The Hitch said:
You do know that right...
Yes. If you want a p*ssing competition about athletics knowledge then bring it on.
The Hitch said:
You forgot to mention that farah, - an average runner until just before his home olympics...
I did mention the upturn in his form when he joined Salazar, which is essentially the same point.
The Hitch said:
1500 m is not his distance...a distance totally different to his which he doesn't even train.
If you knew as much about athletics as you think you do then you'd know that Mo has run 52s for the last lap of reasonably brisk 5k and 10k races in recent seasons. He did 52/53 for the last lap in both the 5k and 10k in London. The man has serious speed, and has done since before this year. So he must have been training to run that sort of speed when fatigued, which is exactly the sort of training that 1500m runners do!
Mo ran a 50.89s last lap in the European team competition earlier this year (late June) which although off a very slow pace is another indicator of his speed. That would be chuffing fast even in a slow 1500m. Cram and Gonzalez ran just under 50s for the last lap of the Europa Cup final in 1987, but last laps in 1500m races faster than Mo's 50.89 are very rare indeed. And Cram was a world class 800m runner as well.

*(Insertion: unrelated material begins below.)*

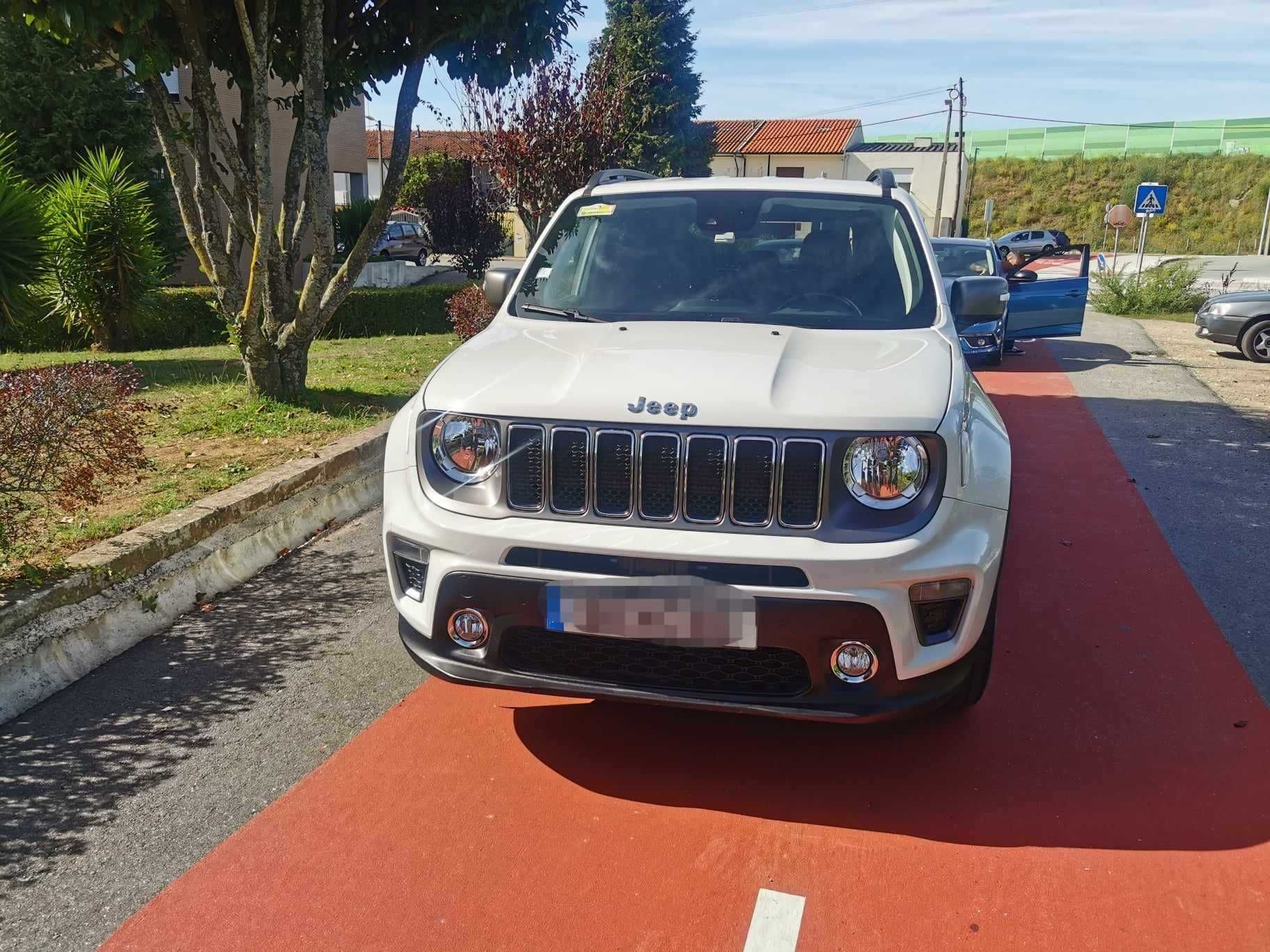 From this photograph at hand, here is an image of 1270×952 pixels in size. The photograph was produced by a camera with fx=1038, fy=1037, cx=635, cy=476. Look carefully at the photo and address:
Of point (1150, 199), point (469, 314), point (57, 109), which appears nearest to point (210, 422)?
point (469, 314)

So I contend again that Mo's performance was not actually that surprising. It was surprising in that to run any all-time top time, you need a lot of things to go right, so most attempts at fast times end in failure, but the building blocks were there. I remember similar arguments in the 1980s with folk saying that Cram wasn't the type of athlete to run a fast 800m because he lacked the blinding speed of a Coe or Ovett, but he kept on churning them out.